Val makes the transitions to and from the streets fairly easily which I find rather unrealistic. As well, as the handy appearance of Ruth, Val's best friend from, which makes Val's efforts to save the faerie world a little easier.

This was an exciting and quick read though. Sure to please readers looking for a little bit of fantasy injected into a real world setting.

Sunday, December 17, 2006

13 Little Blue Evelopes by Maureen Johnson

I decided to put this title on one of my Teen Book Club lists for the spring, but couldn't wait to read it myself.

After her Aunt Peg's death Ginny receives a package with direct instructions from her aunt to pack a backpack, leave all her electronic trappings and guidebooks home and get on a plane to London. Once she's completed that task 13 more little blue envelopes will lead her around Europe to experience it as her aunt did. She learns some new things about her aunt and herself along the way.

I liked this book and it was a quick read. I kept wanting to know what her aunt had for Ginny to do next and what lesson she would learn from it.

My major complaint is the plausibility of a 17 year old having trusting enough parents to let her go off to Europe alone with no communication except for the handwritten posted kind (It's in the rules). Ginny doesn't change in huge ways by the end of the book but she's seen more, done more and has more to think about which in my opinion was the aunt's goal all along. Peg was a driving force in Ginny's life until she died and had promised to see Ginny through high school and college to help her through those confusing and awkward times in life. Failing that I think Peg concocted this scheme as a way to bundle all those little bits of helpful advice into a short period of time and in a dramatic (Peg was an artist after all).

There are some touching moments and having been to the UK, where Ginny's travels start I felt nostalgic at the mentions of places I've been.

Wednesday, December 6, 2006

Peace on Earth; Good Will Toward Men

Except for that peace part. Because it's offensive.

At least that's what a Colorado home association has told it's residents when it told a couple to take down their peace sign Christmas wreath or face a $25/day fine.

Colorado law says that homeowners associations cannot prohibit residents from displaying American Flags, service flags, or political signs that might influence an election. Restrictions on other displays however are not addressed in the law.

So at this time of year when Christians around the world are celebrating the birth of their Messiah who preached peace, love and tolerance, who was probably the most famous hippy in history, a peace sign is being considered "offensive."

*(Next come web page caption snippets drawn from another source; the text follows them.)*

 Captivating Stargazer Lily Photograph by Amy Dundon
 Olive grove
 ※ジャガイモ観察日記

That's right offensive. Because while we are at war and have lost 2,000+ American soldiers, the message of peace is offending our neighbors.

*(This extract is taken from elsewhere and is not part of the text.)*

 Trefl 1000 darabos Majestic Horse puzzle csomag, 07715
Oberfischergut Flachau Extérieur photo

We all know that Christmas has become horribly secular, commercial, and material. It has degenerated into the worshiping of fat, jolly Santa instead of Christ, but at least the "holiday spirit" seemed to remain. Despite arguments over the proper way to greet your neighbors "happy holiday's" "merry Christmas" "Happy Hanuka...Kwanzaa, Winter Solstice etc" at least the well wishes were there. I don't know about you, but I'll take all the happy and merry wishes I can get regardless of the holiday it's attached to. I need them.

But now even that is gone. No longer can we even wish for peace. Wish that our young men and women, and those citizens of other countries weren't put in harms way, weren't fighting and dying. When did peace become something bad? Even if you agree with the justifications for war, don't we all wish they weren't a necessity?

I might as well put away my ornaments, twinkle lights, and poinsettias.